- [WHAT YOU SHOULD DO]
Would you repeat word for word the lines of the listing that follows, from the one with "005 Teddy Fabric" up to and including the one with "Red Cotton Tie Dye Skinny Casual Denim Jeans", and leave out the images?
----------
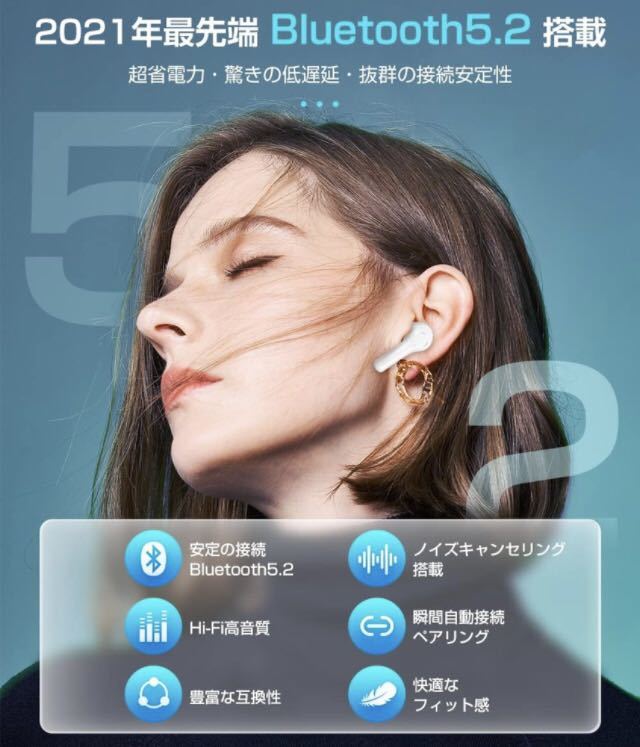 【開封のみ】 Kawayi★ [Bluetooth5.2] Kawayi ワイヤレスイヤホン Hi-Fi音質 Bluetooth イヤホン 瞬間自動接続 ノイズキャンセリング_画像2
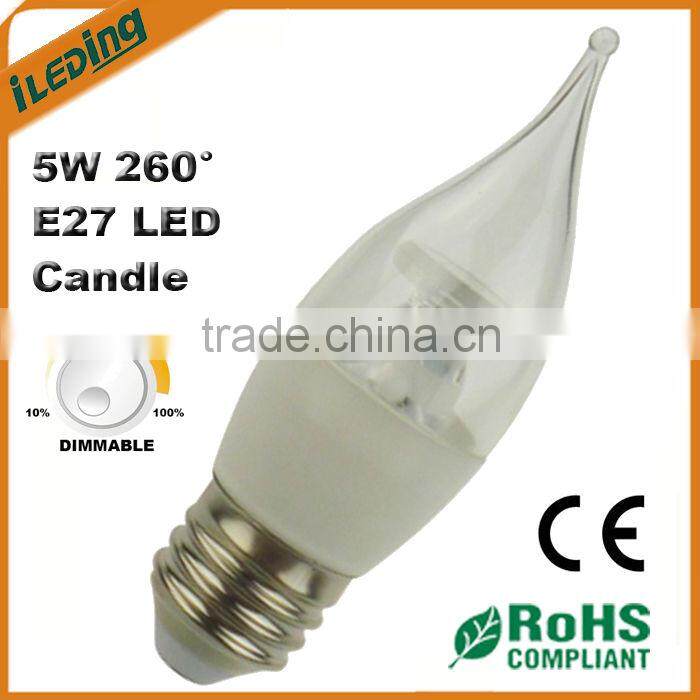 220V Frosted Cover B22 E27 5W LED Candle Light Bulb Dimmable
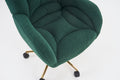 005 Teddy Fabric 360 Swivel Home Office Chair With Gold Metal Base And Universal Wheels,Green Solid Green Office Sponge Wipe Clean Modern Office Chairs Tufted Back Foam Swivel Teddy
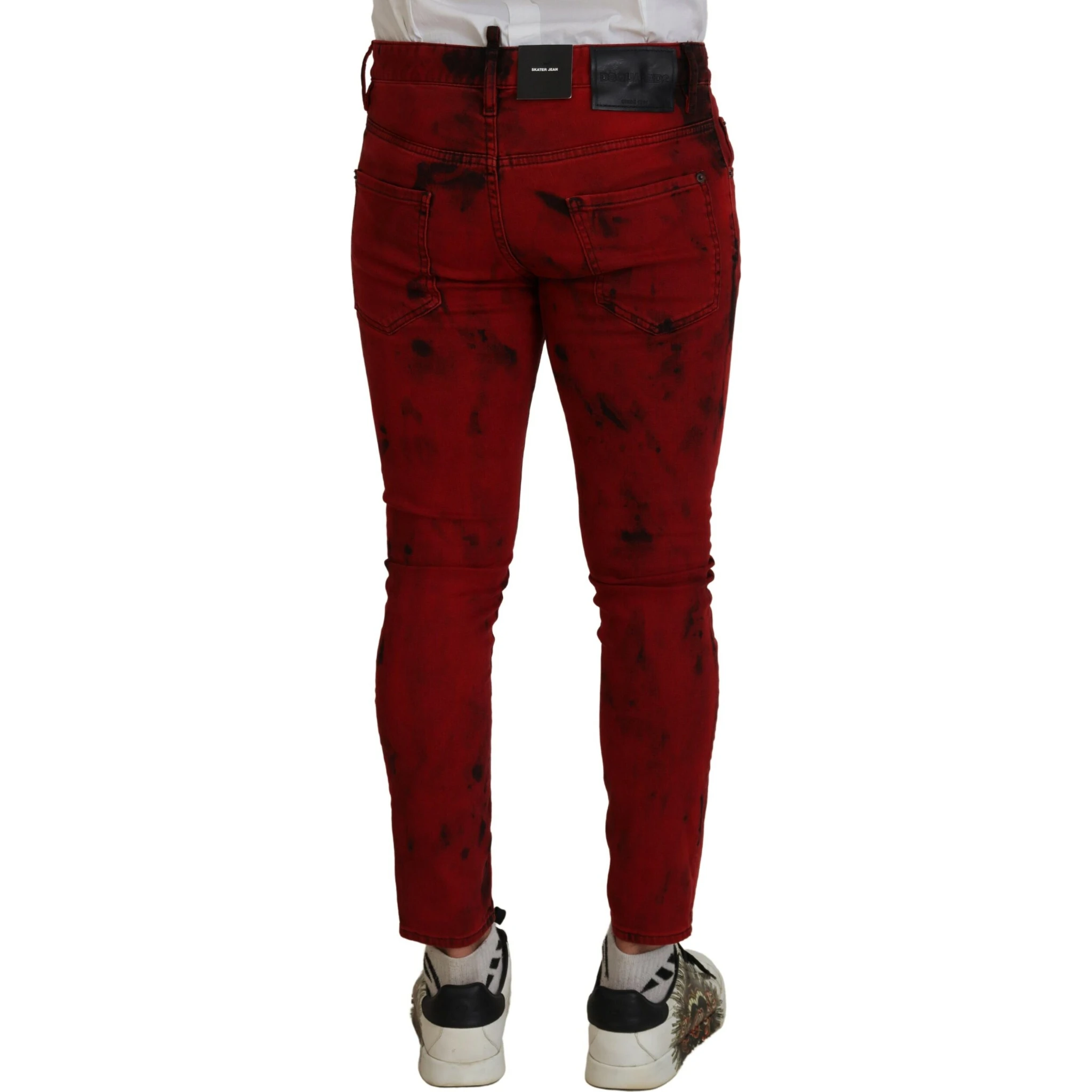 Red Cotton Tie Dye Skinny Casual Denim Jeans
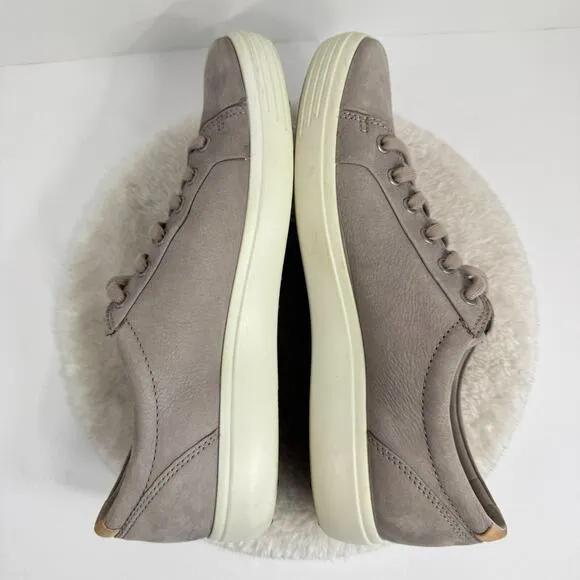 ECCO Mens Soft 7 Sneaker Gray Nubuck Mens US 8 Casual Leather Walking Shoes
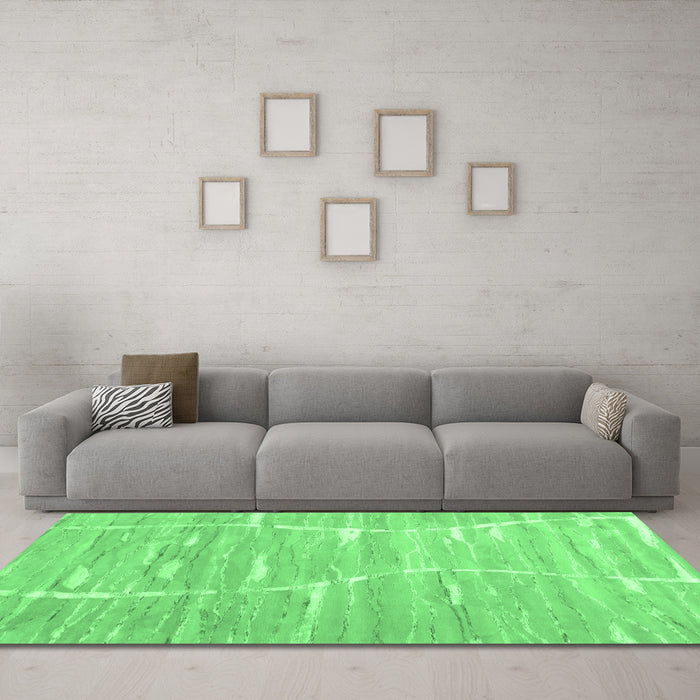 Machine Washable Abstract Emerald Green Contemporary Area Rugs in a Living Room,, wshcon2270emgrn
----------
- [SOLUTION FOR THIS PROBLEM]
 005 Teddy Fabric 360 Swivel Home Office Chair With Gold Metal Base And Universal Wheels,Green Solid Green Office Sponge Wipe Clean Modern Office Chairs Tufted Back Foam Swivel Teddy
 Red Cotton Tie Dye Skinny Casual Denim Jeans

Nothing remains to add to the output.